Material for this exercise: Begin
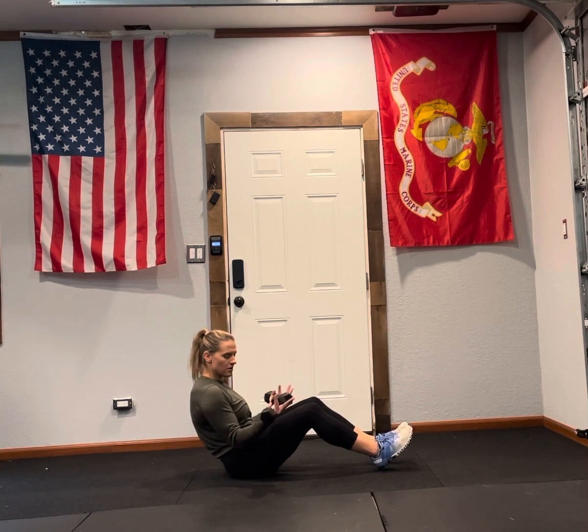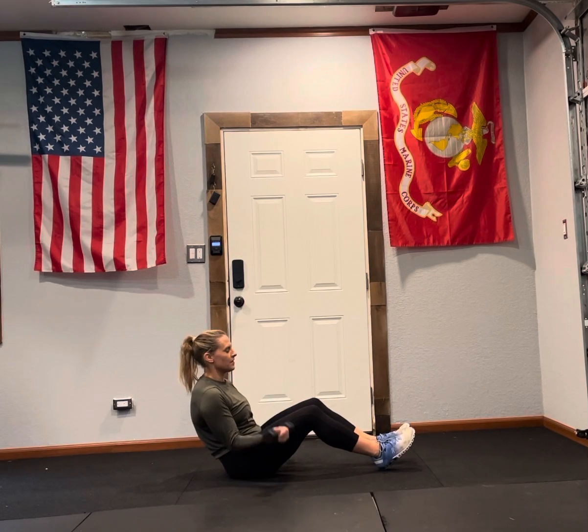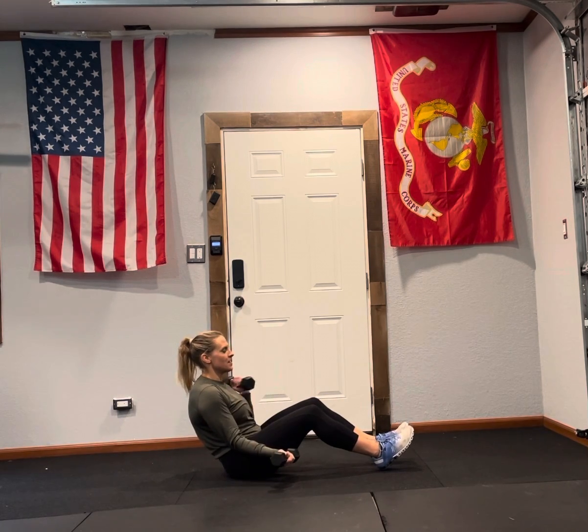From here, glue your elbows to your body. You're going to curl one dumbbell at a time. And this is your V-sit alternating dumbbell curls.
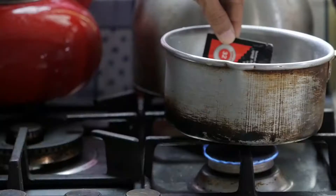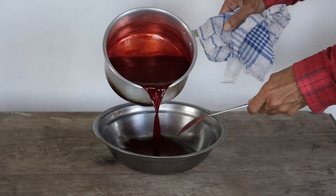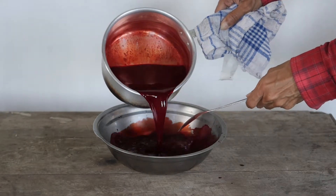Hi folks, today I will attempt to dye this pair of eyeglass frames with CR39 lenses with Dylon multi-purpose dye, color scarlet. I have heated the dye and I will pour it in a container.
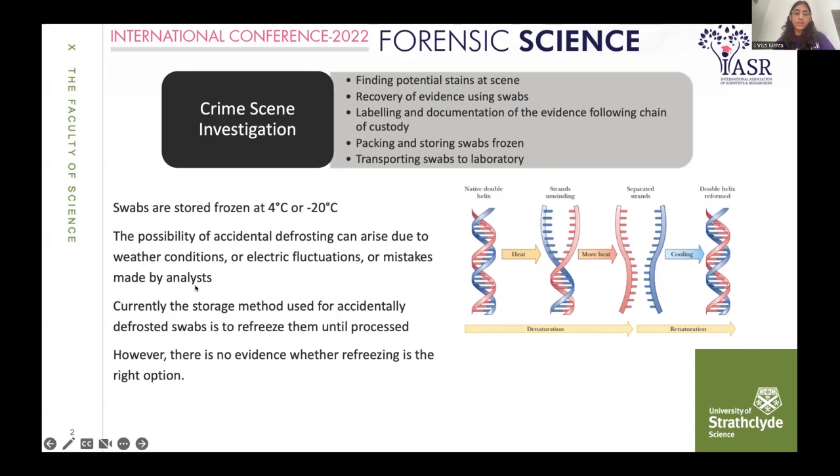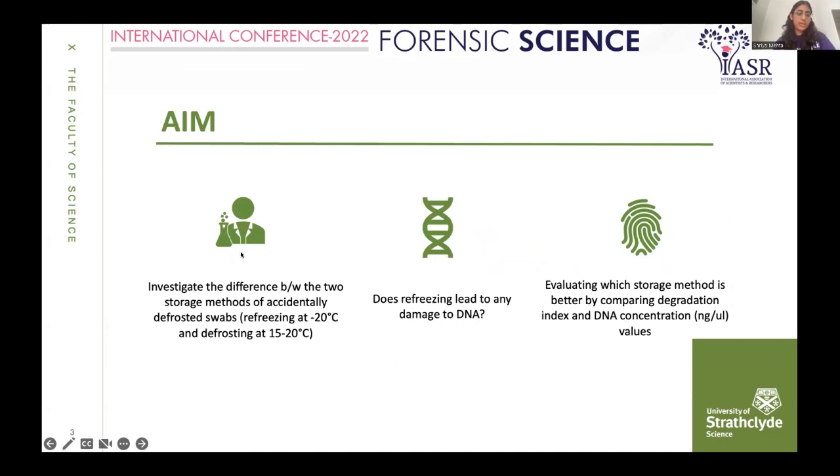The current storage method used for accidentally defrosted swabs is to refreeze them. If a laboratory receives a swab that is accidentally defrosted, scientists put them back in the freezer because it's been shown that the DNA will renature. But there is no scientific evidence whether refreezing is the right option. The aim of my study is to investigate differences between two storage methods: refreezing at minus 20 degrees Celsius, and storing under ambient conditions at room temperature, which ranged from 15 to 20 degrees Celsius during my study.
Material for this exercise: End
Material for this exercise: Begin
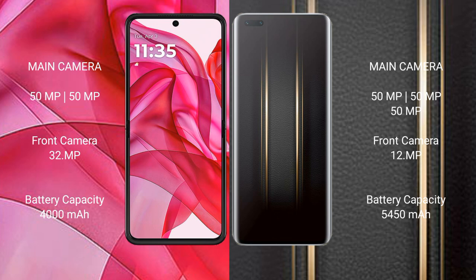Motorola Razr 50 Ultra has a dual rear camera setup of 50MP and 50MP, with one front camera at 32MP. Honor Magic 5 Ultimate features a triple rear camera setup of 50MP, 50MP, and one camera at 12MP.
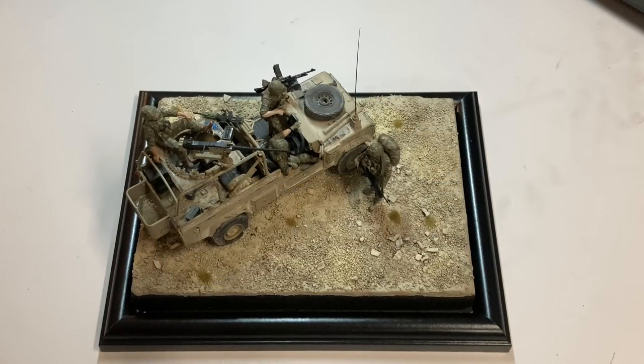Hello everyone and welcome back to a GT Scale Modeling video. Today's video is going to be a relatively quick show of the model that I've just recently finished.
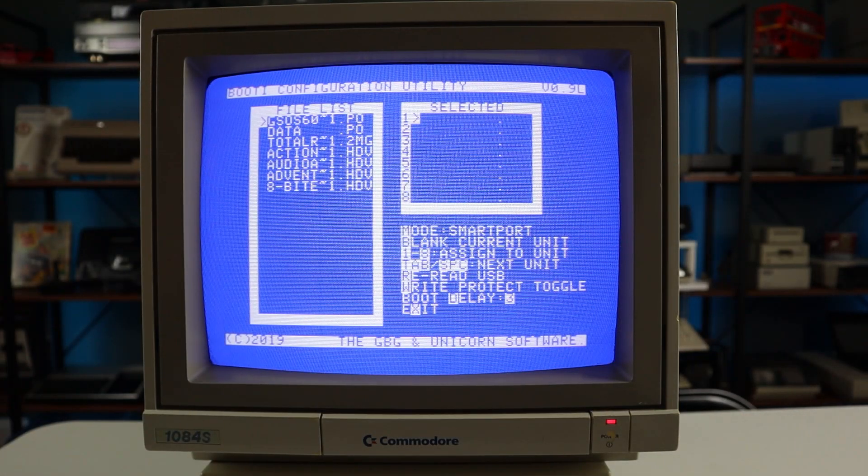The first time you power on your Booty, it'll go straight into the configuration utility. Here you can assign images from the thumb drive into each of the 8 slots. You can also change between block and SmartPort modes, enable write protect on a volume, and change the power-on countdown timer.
Material for this exercise: End
Material for this exercise: Begin
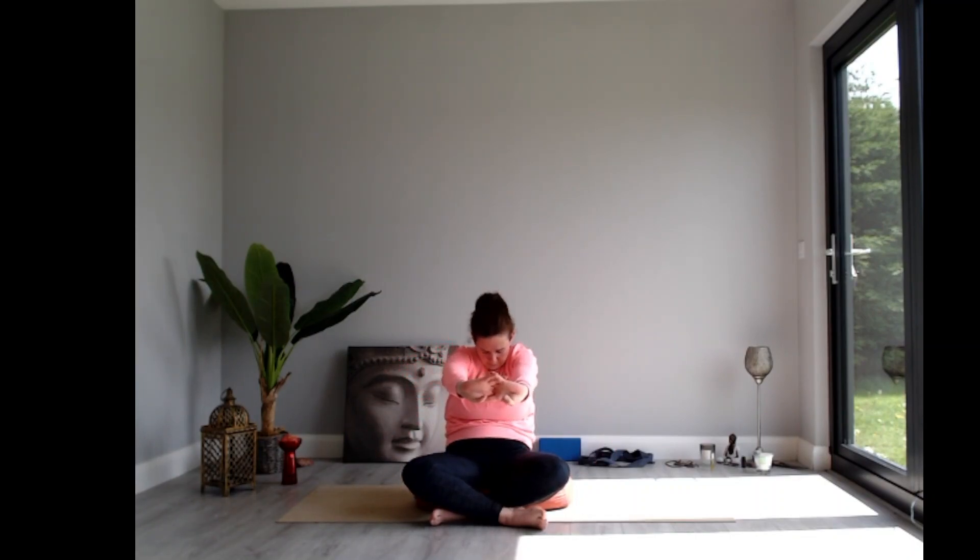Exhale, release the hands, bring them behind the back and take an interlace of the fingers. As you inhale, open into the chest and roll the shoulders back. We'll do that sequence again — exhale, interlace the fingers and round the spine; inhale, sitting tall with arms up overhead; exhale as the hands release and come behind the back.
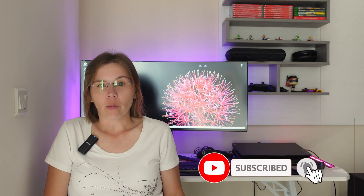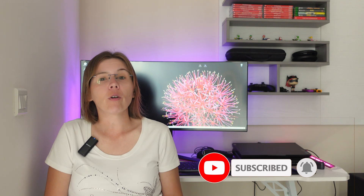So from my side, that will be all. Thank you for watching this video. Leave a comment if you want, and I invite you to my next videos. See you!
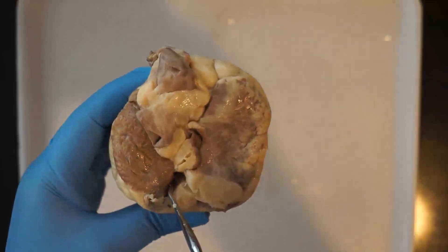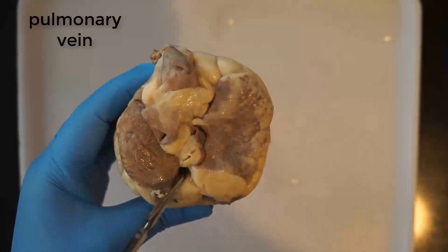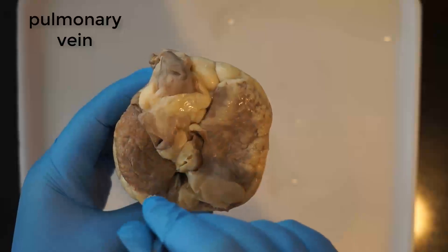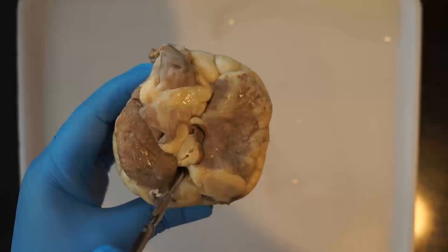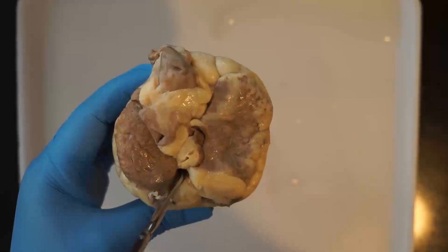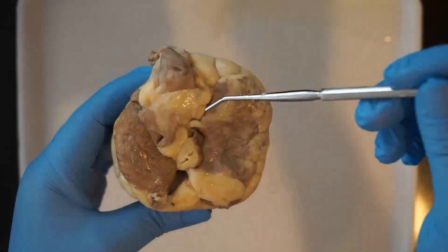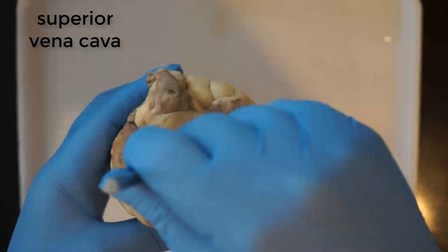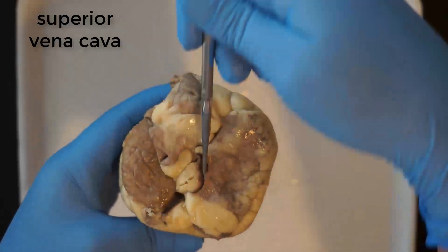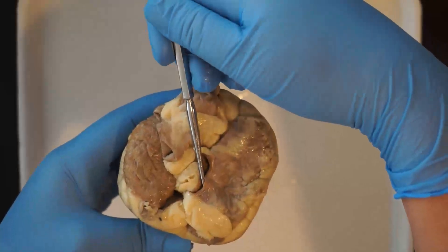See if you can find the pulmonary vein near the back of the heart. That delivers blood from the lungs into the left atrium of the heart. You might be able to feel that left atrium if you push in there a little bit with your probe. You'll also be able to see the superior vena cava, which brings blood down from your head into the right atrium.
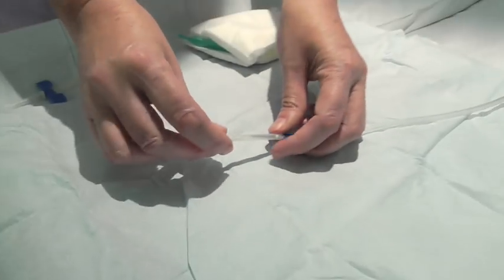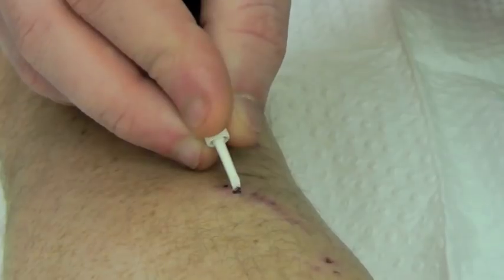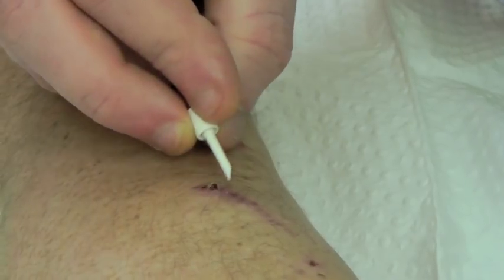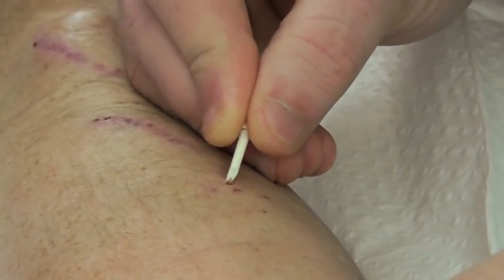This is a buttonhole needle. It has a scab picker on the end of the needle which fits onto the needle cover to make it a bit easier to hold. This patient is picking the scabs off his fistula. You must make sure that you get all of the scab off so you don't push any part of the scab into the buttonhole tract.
Material for this exercise: End
• **Assignment**
Without the pictures, set down the lines above from the line with "Motorola Razr 50" up to and including the line with "The first time" exactly as they stand.

• **Output for this task**
Motorola Razr 50 Ultra has a dual rear camera setup of 50MP and 50MP, with one front camera at 32MP. Honor Magic 5 Ultimate features a triple rear camera setup of 50MP, 50MP, and one camera at 12MP.
Hello everyone and welcome back to a GT Scale Modeling video. Today's video is going to be a relatively quick show of the model that I've just recently finished.
The first time you power on your Booty, it'll go straight into the configuration utility. Here you can assign images from the thumb drive into each of the 8 slots. You can also change between block and SmartPort modes, enable write protect on a volume, and change the power-on countdown timer.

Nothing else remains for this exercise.